- INPUT DATA -
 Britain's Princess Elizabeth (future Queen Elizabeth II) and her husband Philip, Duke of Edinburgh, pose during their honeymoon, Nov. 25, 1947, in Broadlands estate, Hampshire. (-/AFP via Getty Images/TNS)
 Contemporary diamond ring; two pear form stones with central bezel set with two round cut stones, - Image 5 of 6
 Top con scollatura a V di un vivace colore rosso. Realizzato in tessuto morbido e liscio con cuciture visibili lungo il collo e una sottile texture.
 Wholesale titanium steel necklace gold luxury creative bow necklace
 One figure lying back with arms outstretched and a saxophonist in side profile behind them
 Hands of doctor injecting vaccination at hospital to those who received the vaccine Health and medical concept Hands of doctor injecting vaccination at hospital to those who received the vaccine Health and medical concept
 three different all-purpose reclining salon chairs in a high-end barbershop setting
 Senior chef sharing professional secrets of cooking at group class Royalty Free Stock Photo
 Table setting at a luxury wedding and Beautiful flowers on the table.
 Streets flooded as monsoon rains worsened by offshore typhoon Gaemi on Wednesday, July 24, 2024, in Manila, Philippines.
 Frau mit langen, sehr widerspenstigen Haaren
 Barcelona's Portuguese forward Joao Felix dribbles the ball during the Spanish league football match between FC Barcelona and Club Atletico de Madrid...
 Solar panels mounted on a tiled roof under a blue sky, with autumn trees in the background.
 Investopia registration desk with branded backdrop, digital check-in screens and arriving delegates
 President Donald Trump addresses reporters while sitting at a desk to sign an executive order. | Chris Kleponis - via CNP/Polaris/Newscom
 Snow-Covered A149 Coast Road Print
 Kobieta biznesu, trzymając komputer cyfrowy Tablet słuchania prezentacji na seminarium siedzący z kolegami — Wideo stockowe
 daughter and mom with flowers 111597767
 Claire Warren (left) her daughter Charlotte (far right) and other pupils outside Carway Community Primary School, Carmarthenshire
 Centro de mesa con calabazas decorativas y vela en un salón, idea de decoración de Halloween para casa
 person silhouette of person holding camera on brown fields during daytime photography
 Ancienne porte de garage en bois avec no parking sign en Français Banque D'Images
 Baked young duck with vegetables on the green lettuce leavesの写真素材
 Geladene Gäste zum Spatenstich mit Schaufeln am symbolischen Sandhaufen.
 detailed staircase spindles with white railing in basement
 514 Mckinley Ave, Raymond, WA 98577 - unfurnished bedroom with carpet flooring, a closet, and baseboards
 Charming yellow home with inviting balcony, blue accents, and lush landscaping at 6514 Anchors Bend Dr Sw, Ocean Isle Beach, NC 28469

- TASK ITEM -
Copy out only the lines of the records above from the one with "Senior chef sharing" through the one with "person silhouette of", exactly as they stand, both included.

- FINISHED TASK -
 Senior chef sharing professional secrets of cooking at group class Royalty Free Stock Photo
 Table setting at a luxury wedding and Beautiful flowers on the table.
 Streets flooded as monsoon rains worsened by offshore typhoon Gaemi on Wednesday, July 24, 2024, in Manila, Philippines.
 Frau mit langen, sehr widerspenstigen Haaren
 Barcelona's Portuguese forward Joao Felix dribbles the ball during the Spanish league football match between FC Barcelona and Club Atletico de Madrid...
 Solar panels mounted on a tiled roof under a blue sky, with autumn trees in the background.
 Investopia registration desk with branded backdrop, digital check-in screens and arriving delegates
 President Donald Trump addresses reporters while sitting at a desk to sign an executive order. | Chris Kleponis - via CNP/Polaris/Newscom
 Snow-Covered A149 Coast Road Print
 Kobieta biznesu, trzymając komputer cyfrowy Tablet słuchania prezentacji na seminarium siedzący z kolegami — Wideo stockowe
 daughter and mom with flowers 111597767
 Claire Warren (left) her daughter Charlotte (far right) and other pupils outside Carway Community Primary School, Carmarthenshire
 Centro de mesa con calabazas decorativas y vela en un salón, idea de decoración de Halloween para casa
 person silhouette of person holding camera on brown fields during daytime photography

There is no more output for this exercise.